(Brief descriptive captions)
◆ ◆ ◆ ◆ ◆
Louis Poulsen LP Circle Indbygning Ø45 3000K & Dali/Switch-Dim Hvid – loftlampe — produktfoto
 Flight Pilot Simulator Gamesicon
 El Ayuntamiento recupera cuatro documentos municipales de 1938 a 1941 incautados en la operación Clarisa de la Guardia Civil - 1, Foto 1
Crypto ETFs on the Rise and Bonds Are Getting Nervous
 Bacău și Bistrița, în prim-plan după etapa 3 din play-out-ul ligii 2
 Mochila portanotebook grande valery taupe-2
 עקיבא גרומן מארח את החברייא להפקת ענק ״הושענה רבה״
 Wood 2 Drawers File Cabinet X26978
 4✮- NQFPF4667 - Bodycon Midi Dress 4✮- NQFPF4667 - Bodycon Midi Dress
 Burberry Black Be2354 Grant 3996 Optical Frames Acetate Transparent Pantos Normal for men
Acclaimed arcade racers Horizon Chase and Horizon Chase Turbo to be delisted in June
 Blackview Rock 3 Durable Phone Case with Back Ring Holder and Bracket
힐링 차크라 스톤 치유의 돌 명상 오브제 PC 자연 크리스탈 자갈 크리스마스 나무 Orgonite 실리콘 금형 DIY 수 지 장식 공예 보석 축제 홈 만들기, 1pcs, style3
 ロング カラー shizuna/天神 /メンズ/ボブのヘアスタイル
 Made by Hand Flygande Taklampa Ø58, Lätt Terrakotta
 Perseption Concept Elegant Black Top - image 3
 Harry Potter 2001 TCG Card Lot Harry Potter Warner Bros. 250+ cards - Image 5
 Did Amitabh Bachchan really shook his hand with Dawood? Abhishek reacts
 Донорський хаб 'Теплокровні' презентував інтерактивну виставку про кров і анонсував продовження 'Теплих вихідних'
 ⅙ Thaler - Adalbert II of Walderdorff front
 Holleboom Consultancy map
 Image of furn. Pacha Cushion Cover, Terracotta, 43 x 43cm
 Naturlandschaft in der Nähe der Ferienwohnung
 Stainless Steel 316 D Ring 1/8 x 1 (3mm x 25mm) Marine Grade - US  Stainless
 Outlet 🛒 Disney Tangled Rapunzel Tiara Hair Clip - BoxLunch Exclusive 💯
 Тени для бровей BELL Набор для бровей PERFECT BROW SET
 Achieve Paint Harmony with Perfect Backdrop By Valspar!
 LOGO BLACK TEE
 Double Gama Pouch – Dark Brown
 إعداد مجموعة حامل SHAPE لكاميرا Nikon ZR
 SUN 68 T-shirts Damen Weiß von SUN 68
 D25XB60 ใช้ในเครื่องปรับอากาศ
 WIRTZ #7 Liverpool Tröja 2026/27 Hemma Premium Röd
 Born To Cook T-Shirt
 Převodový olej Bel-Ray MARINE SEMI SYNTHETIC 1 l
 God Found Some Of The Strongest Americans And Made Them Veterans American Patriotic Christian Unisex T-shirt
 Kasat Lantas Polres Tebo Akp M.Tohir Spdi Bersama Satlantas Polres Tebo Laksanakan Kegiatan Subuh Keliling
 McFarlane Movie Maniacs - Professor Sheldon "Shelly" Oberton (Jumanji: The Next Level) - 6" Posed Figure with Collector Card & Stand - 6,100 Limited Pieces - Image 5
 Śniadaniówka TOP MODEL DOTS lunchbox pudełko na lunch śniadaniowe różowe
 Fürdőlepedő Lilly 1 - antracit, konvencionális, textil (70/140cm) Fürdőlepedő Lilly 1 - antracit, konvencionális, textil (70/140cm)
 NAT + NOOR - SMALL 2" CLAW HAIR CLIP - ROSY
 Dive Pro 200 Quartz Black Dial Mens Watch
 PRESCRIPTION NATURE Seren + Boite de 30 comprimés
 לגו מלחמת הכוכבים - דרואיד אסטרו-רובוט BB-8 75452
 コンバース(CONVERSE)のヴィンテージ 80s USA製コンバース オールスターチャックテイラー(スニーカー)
◆ ◆ ◆ ◆ ◆
What to produce — Given the records above, return exactly the lines starting at the line containing "Holleboom Consultancy map" and ending at the line containing "Тени для бровей", including both.

Answer for this exercise —
 Holleboom Consultancy map
 Image of furn. Pacha Cushion Cover, Terracotta, 43 x 43cm
 Naturlandschaft in der Nähe der Ferienwohnung
 Stainless Steel 316 D Ring 1/8 x 1 (3mm x 25mm) Marine Grade - US  Stainless
 Outlet 🛒 Disney Tangled Rapunzel Tiara Hair Clip - BoxLunch Exclusive 💯
 Тени для бровей BELL Набор для бровей PERFECT BROW SET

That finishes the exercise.